NEW YORK, NY.- Olney Gleason announced representation of London-based artist Pablo Bronstein (b. 1977, Buenos Aires) in collaboration with Herald St and Galleria Franco Noero. The artists debut exhibition with the gallery will open at 297 Tenth Avenue, New York, in September 2026.
The upcoming exhibition will feature a suite of monumental clocks exquisitely rendered in acrylic on paper, deepening Bronsteins longstanding fascination with the history of aesthetics and bourgeois material culture. The exhibition marks Bronsteins return to New York, where he staged a solo exhibition at The Metropolitan Museum of Art in 2009.
Recent solo institutional presentations include The Temple of Solomon and Its Principal Contents, comprising imagined designs for the biblical structure, at Waddesdon Manor in Buckinghamshire, UK, in 2025. Bronstein is currently included in the Chengdu Biennale in China through August 2026. His work remains on view at Tate Britain following a major collection rehang in 2023, as well as at the Museum of Fine Arts, Houston.

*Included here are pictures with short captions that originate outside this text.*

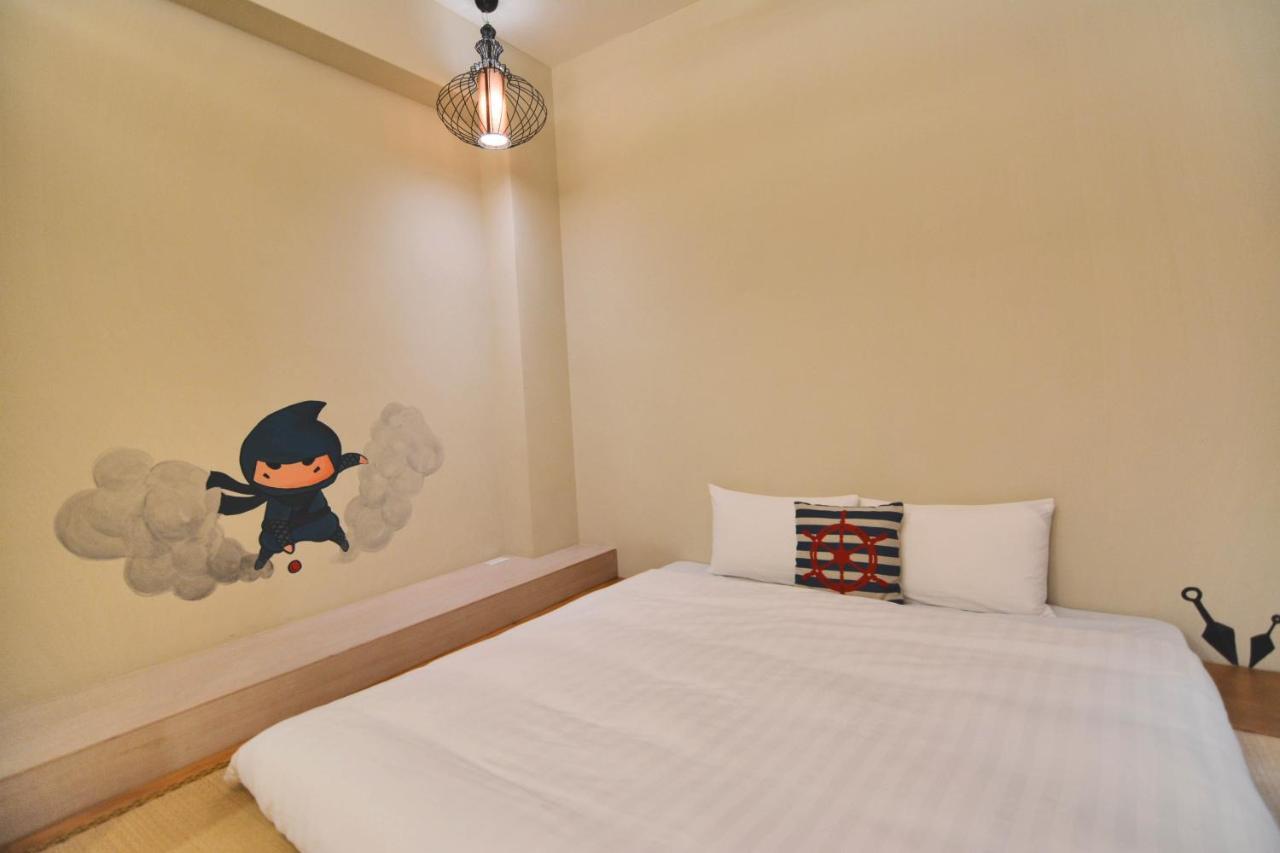 Taitung Sea Level Bed and Breakfast Eksteriør billede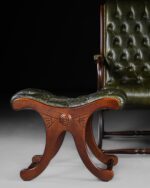 Regency Koltuk & Ayak Taburesi - Görsel 6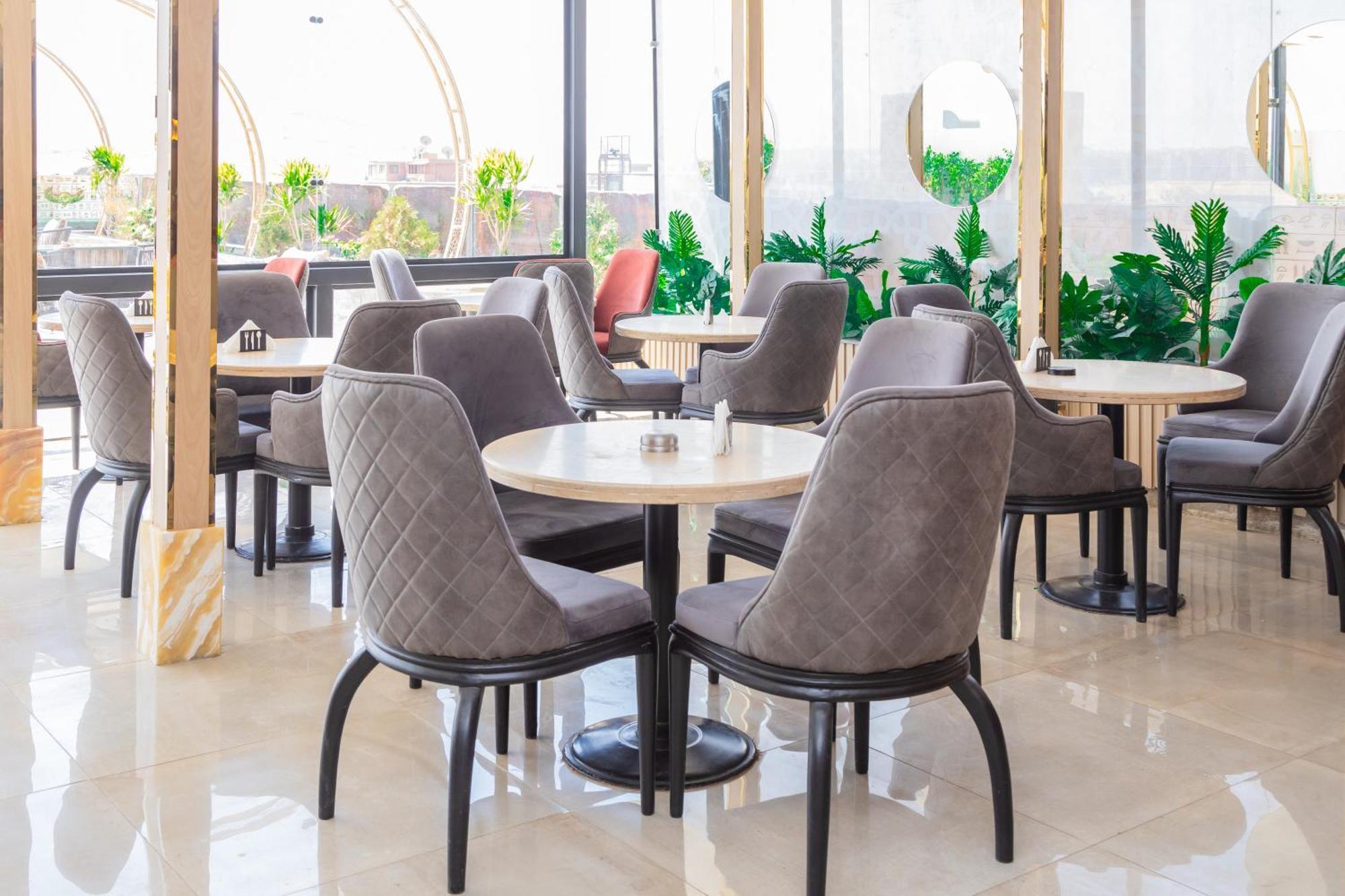Comfort Giza Top Hotel Kaherah Luaran gambar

Pablo Bronstein works across drawing, printmaking, film, and performance. He combines anachronistic elements to create architectural fantasies, exploring constructions of history, identity, and fiction. Merging stylistic elements from a range of periods and movements, Bronstein presents newly invented imagery as if it were documentary evidence, unraveling projections of human desire and imagination.
Bronstein lives and works in London. He earned a BA Fine Art from the Slade School of Art, London (2001) and an MA Visual Arts from Goldsmiths College, London (2004). His work is collected in depth by The Metropolitan Museum of Art, New York; Tate, United Kingdom; Centre Pompidou, Paris; The British Museum, London; Museum of Fine Arts, Houston; and RISD Museum, Providence, among others. He has staged solo exhibitions at The Metropolitan Museum of Art, New York; Museum of Fine Arts, Houston; RISD Museum, Providence; Tate Britain, London; Tate Modern, London; OGR Torino, Italy; Sir John Soanes Museum, London, and elsewhere.